There's no way you can update XML with that same speed and efficiency via writing Perl scripts.


Another huge advantage to having design data in a database is when you have to use it to tie the design data into your Business Intelligence reports. You'd be creating a ton of extra work if you had to take the XML design data and load that into Oracle just to make a simple report.

Lyndro said...

Yes Taylor, if every designer on your team has mastery of SQL then you can change and update data is much easier. I picked up a good bit of SQL while I was working on EQ with their database.

Creating Perl scripts to generate data ended up being not that much slower, in the long run, than entering through a database. The data in both case needs to be generated in some format or another. On both EQ and EQII we used excel for creating large amounts of data. On EQ we pasted the data into the database, on EQ II we ran a Perl script. Generating the Perl script had some overhead, but they were tools, and once generated could be reused.

For generating reports, whatever tools are used for searching data (VooDLe for example) should probably be used for generating reports, since the infrastructure is there.

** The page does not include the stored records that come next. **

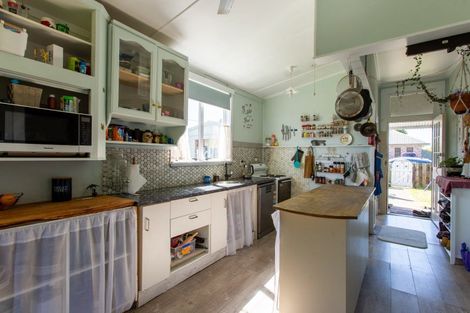 Photo of property in 25 Ruahine Street, Dannevirke, 4930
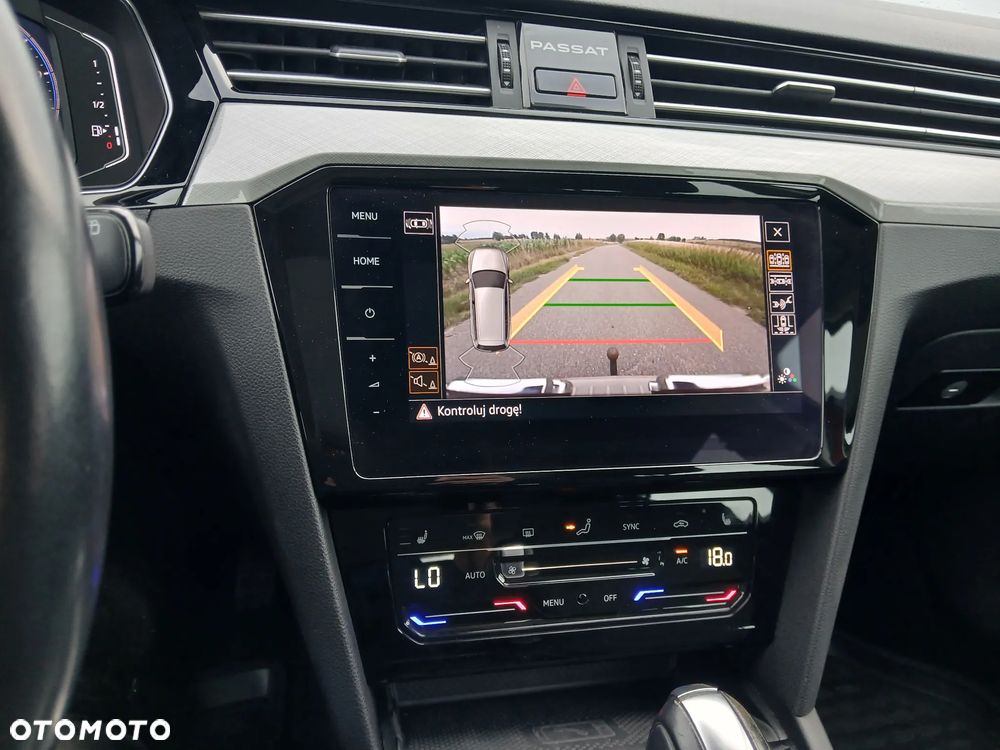 Volkswagen Passat - 14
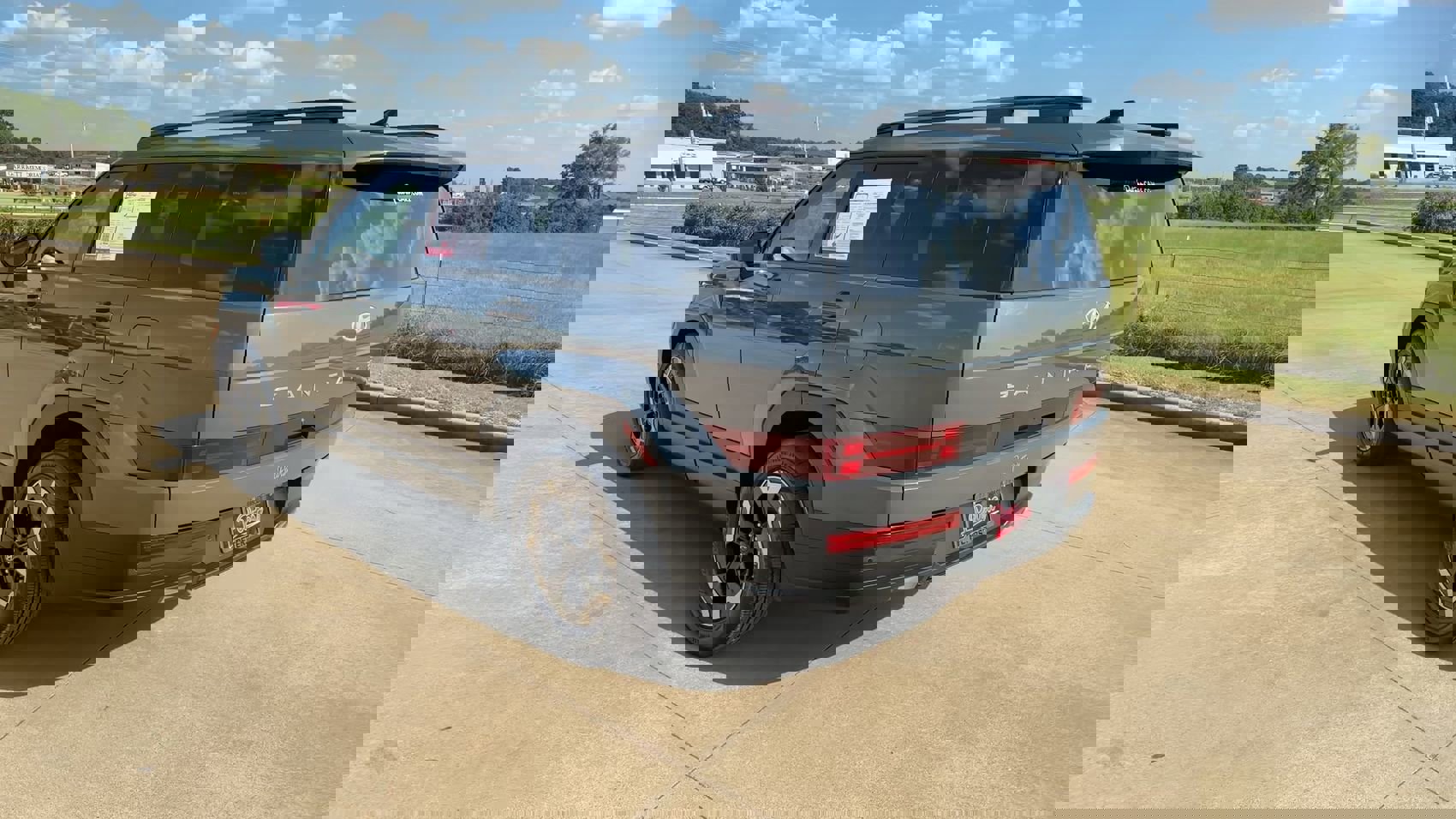 Used 2025 Hyundai Santa Fe SEL image 7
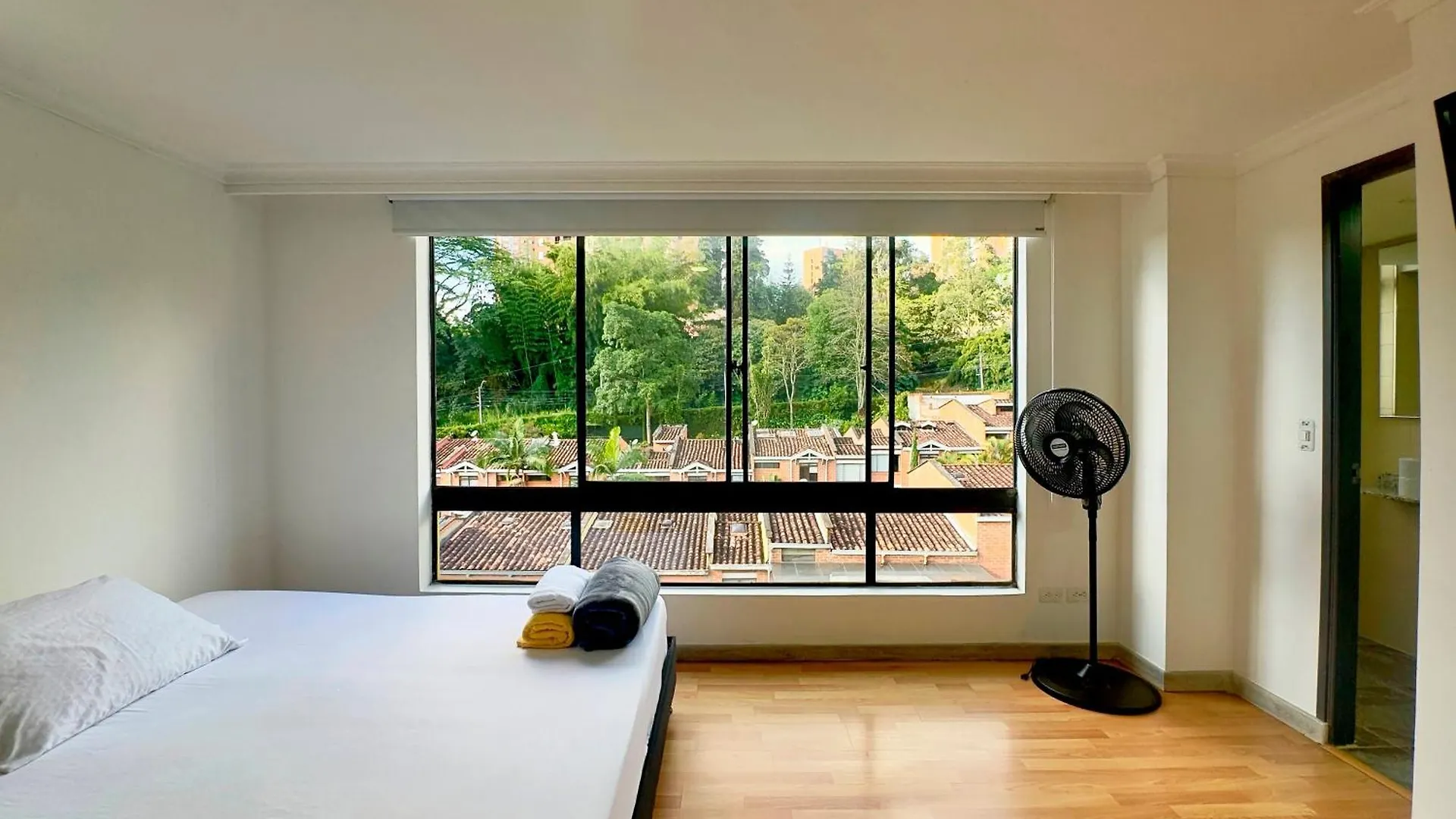 4Br 240 M Pool Next To El Tesoro Mall Medellín Apartamento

As a designer I don't think it matters all that much what the backend structure of the data is. A good designer will learn to work with it when needed, what is important is the front end. Especially on a MMO where massive amounts of data needs to be generated in a fairly small window. Good tools should totally occlude whatever data structure you have for 99% of your work. If you have designers populating dungeons by writing down coordinates and typing them in by hand, whether they are entering them into Textpad for a perl script or Excel to paste into a database, then you're doing it wrong.

And for the specific example, I've seen a programmer on EQ II accomplish very similar tasks with Perl scripts in about 5 minutes (So yes, not 2) using the indexed data from VooDLe.